Short descriptive text snippets

>>

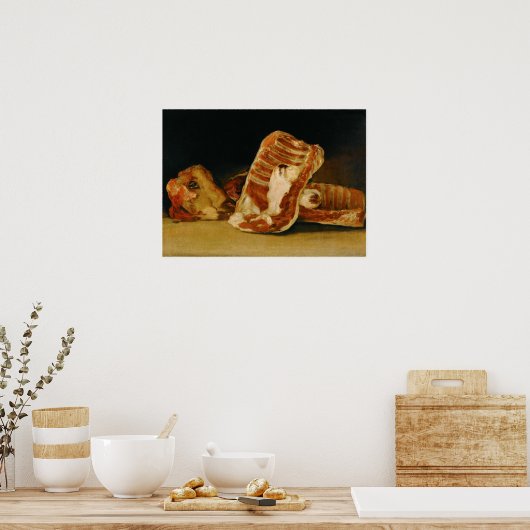 Goya - stilstaand leven met hoofd van am 1810 poster (Keuken)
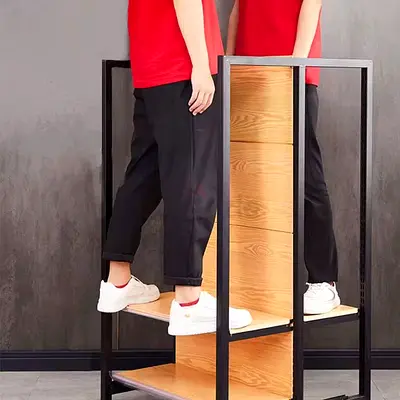 Modern Wooden Bookshelf with Metal Frame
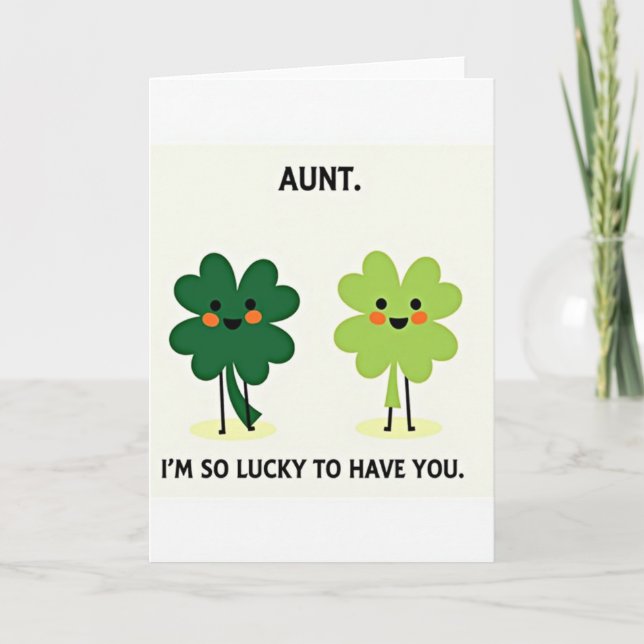 Lucky Aunt Glitter Texture Card (Front)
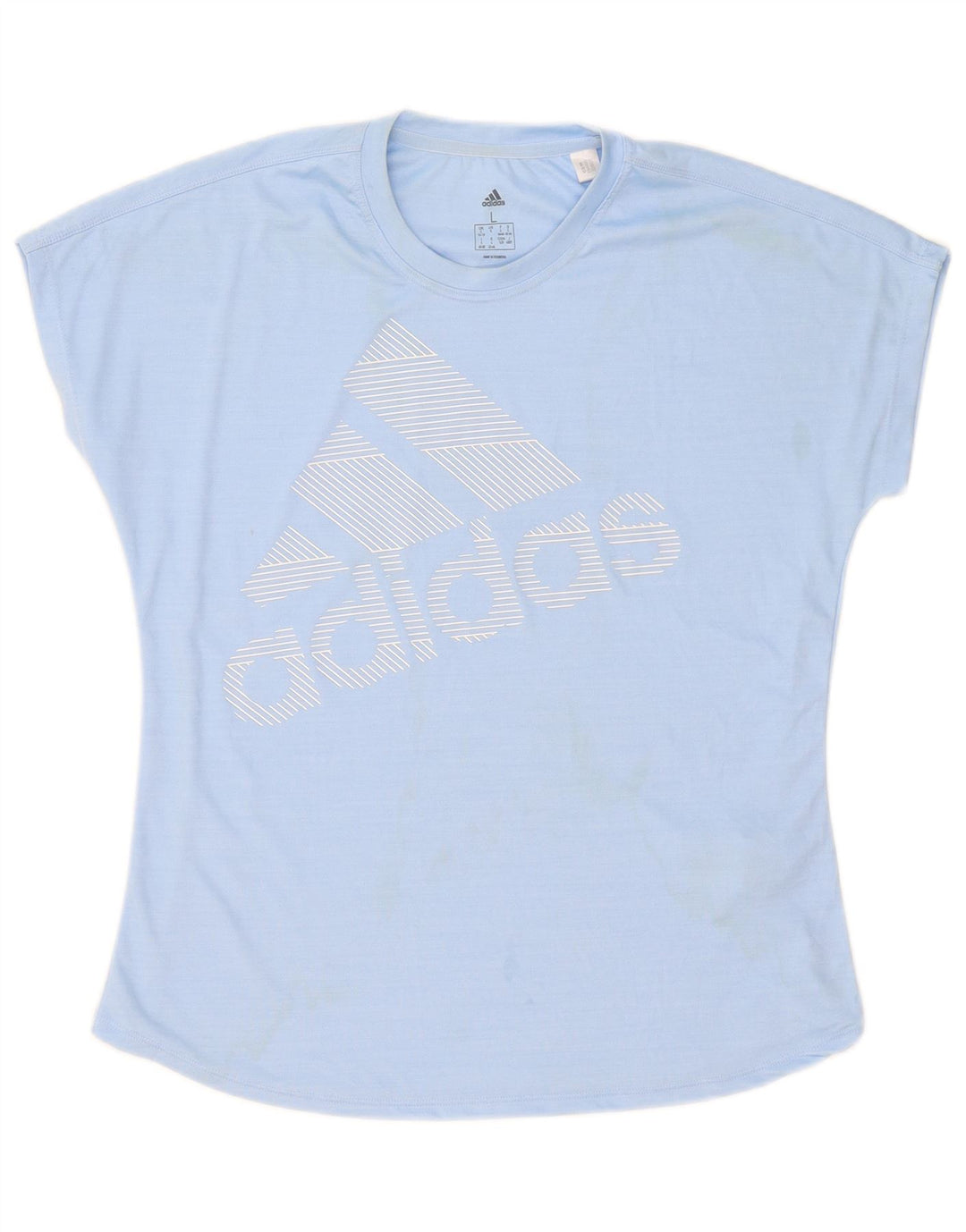 T-shirt grafica da donna Adidas Top UK 16/18 grande blu poliestere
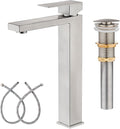 Vessel Sink Faucet, Brushed Nickel 1 Hole Single Handle Tall Bathroom Vanity Faucets, Modern Utility Rv Laundry Bath Restroom Mixer Tap with Metal Pop Up Drain and 2 Water Supply Lines
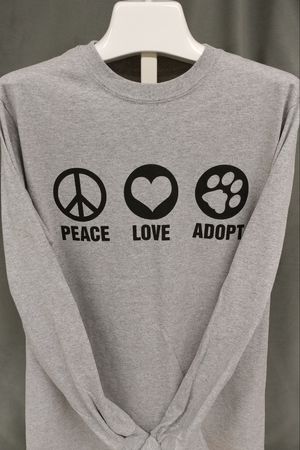 Peace Love Adopt - Gray
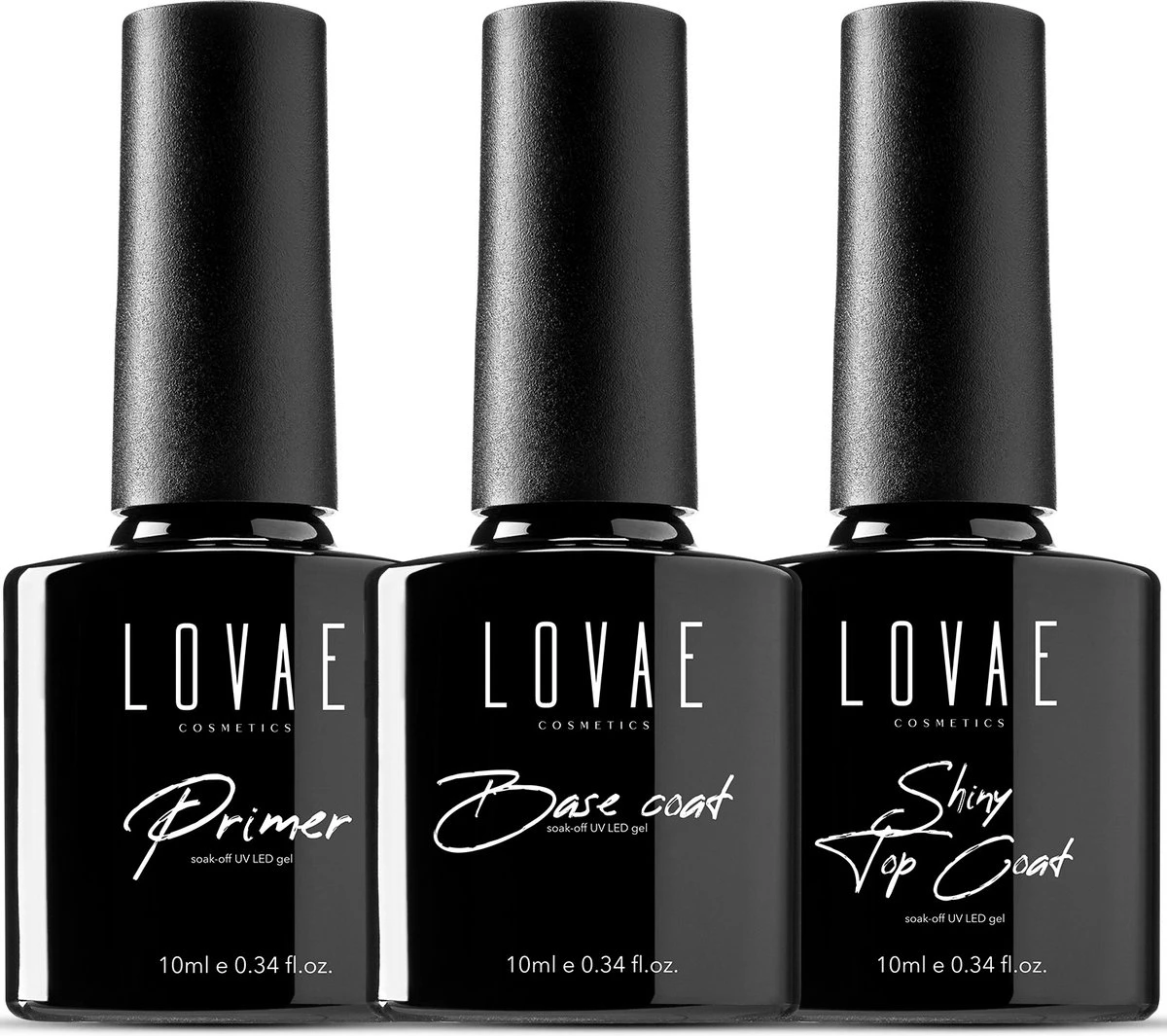 Lovae Cosmetics Gellak - Starterspakket - Base Coat - Primer - Shiny Top Coat - 10ML 1 Lovae Cosmetics Gellak - Starterspakket - Base Coat - Primer - Shiny Top Coat - 10ML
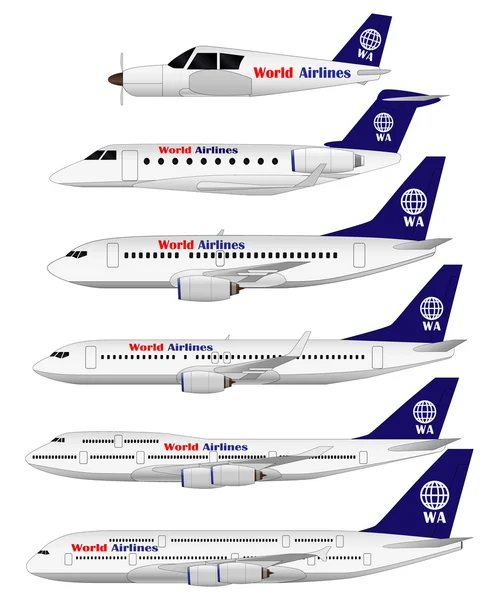 Conjunto de aviones vectores — Vector de stock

<<

• Exercise aim: Extract, character for character, every line from the one that holds "Peace Love Adopt - Gray" through the end of the entries above. Include both boundary lines and no pictures.

• Task output:
 Peace Love Adopt - Gray
 Lovae Cosmetics Gellak - Starterspakket - Base Coat - Primer - Shiny Top Coat - 10ML 1 Lovae Cosmetics Gellak - Starterspakket - Base Coat - Primer - Shiny Top Coat - 10ML
 Conjunto de aviones vectores — Vector de stock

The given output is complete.